> TASK GOAL:
Would you retype exactly the lines below, starting with the one that has "Cabochons Willow Creek Jasper(Idaho) Wc1" and going on through the one that has "268 Ecclesall Road South Ecclesall", with no pictures and nothing else?

> EXCERPTED DATA:
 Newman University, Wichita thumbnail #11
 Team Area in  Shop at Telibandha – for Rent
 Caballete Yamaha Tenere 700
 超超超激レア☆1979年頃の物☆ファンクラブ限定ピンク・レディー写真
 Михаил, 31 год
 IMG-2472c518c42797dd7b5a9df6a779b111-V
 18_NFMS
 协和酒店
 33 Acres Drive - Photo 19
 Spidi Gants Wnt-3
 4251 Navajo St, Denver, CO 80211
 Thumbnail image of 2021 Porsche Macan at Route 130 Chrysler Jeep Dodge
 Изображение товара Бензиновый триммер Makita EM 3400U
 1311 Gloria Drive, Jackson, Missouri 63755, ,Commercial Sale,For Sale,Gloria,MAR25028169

* * *

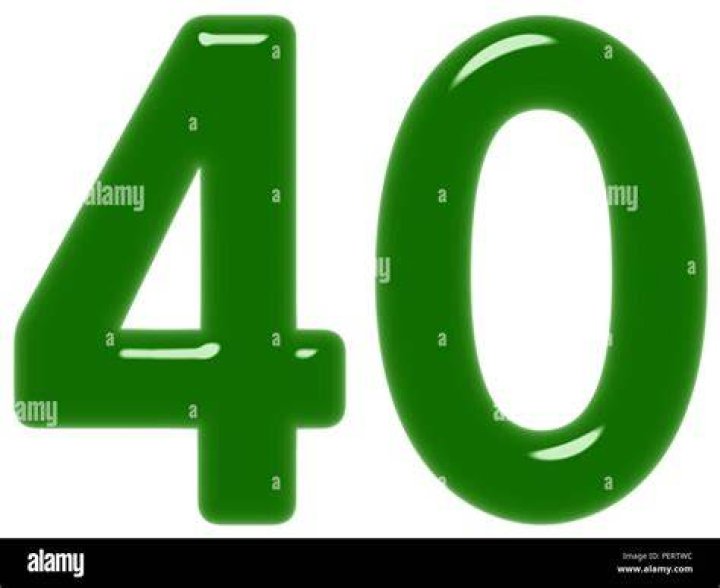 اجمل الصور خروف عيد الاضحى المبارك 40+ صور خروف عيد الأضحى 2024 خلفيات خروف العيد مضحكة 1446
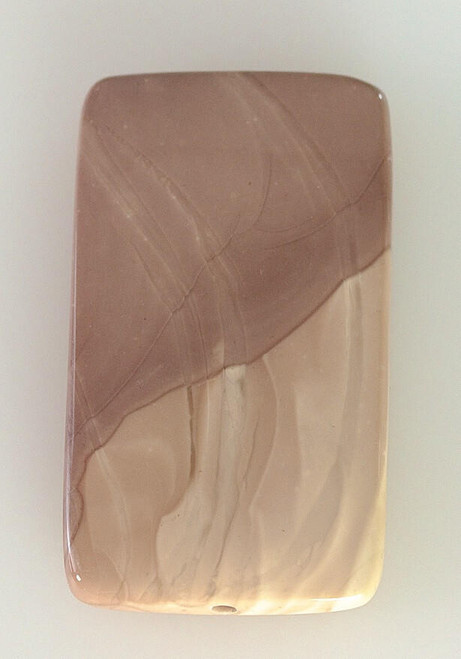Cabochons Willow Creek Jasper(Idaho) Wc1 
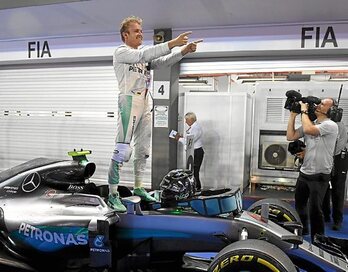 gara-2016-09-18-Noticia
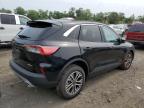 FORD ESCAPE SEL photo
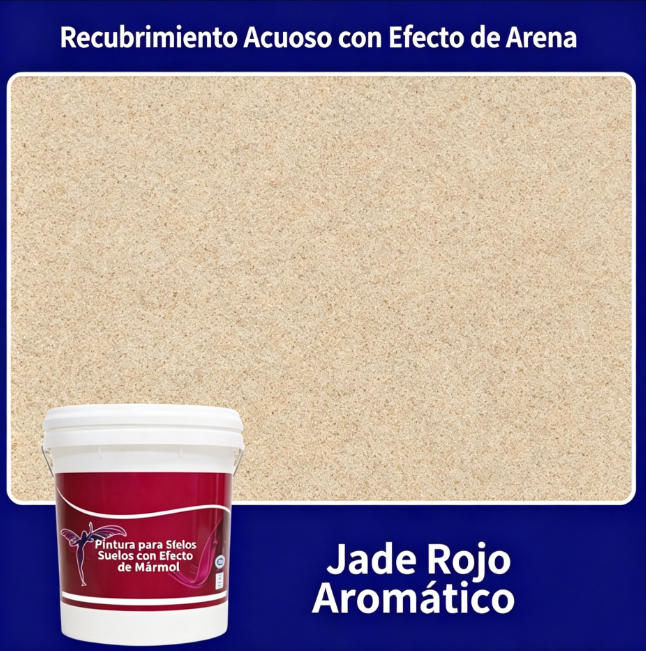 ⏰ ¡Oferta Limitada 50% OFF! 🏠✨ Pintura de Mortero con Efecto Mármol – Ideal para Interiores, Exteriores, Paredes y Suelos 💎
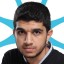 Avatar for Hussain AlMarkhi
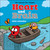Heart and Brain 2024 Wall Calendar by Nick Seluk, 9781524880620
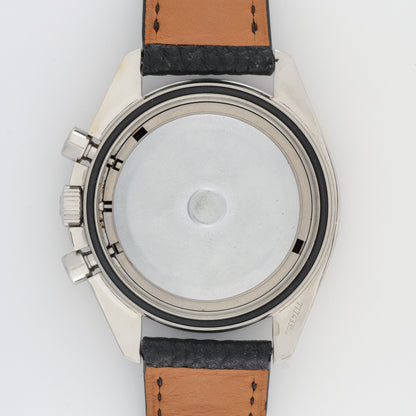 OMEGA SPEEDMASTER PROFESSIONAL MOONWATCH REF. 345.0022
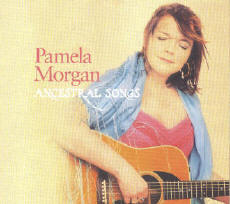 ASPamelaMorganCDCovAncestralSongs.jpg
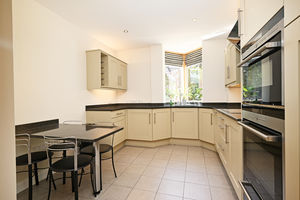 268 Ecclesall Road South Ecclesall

* * *

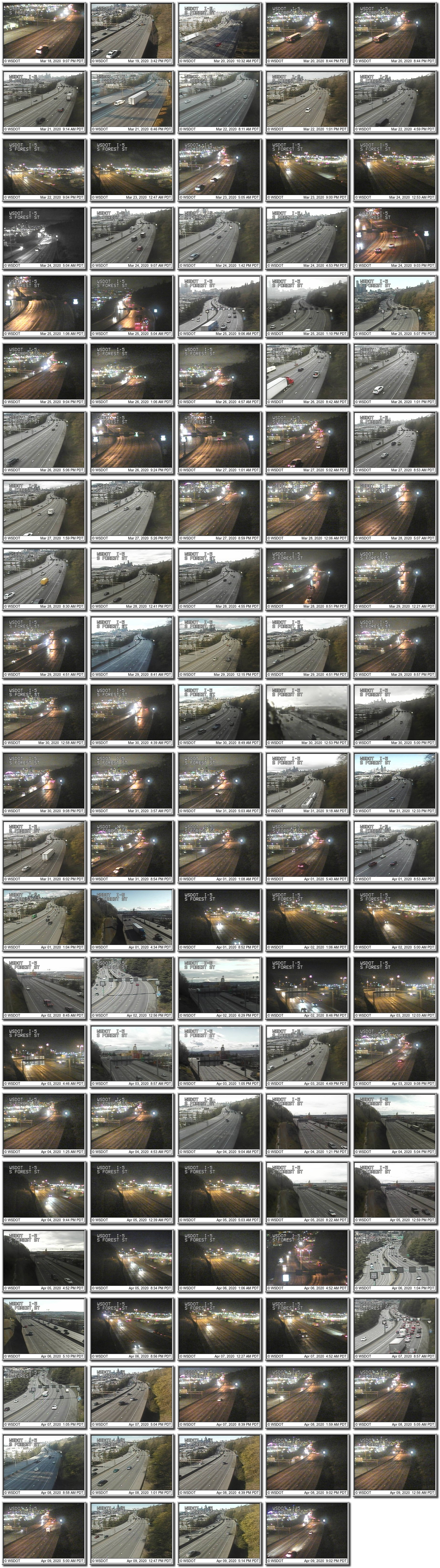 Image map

> EXPECTED OUTPUT:
Cabochons Willow Creek Jasper(Idaho) Wc1 
 gara-2016-09-18-Noticia
 FORD ESCAPE SEL photo
 ⏰ ¡Oferta Limitada 50% OFF! 🏠✨ Pintura de Mortero con Efecto Mármol – Ideal para Interiores, Exteriores, Paredes y Suelos 💎
 Avatar for Hussain AlMarkhi
Heart and Brain 2024 Wall Calendar by Nick Seluk, 9781524880620
 OMEGA SPEEDMASTER PROFESSIONAL MOONWATCH REF. 345.0022
 ASPamelaMorganCDCovAncestralSongs.jpg
 268 Ecclesall Road South Ecclesall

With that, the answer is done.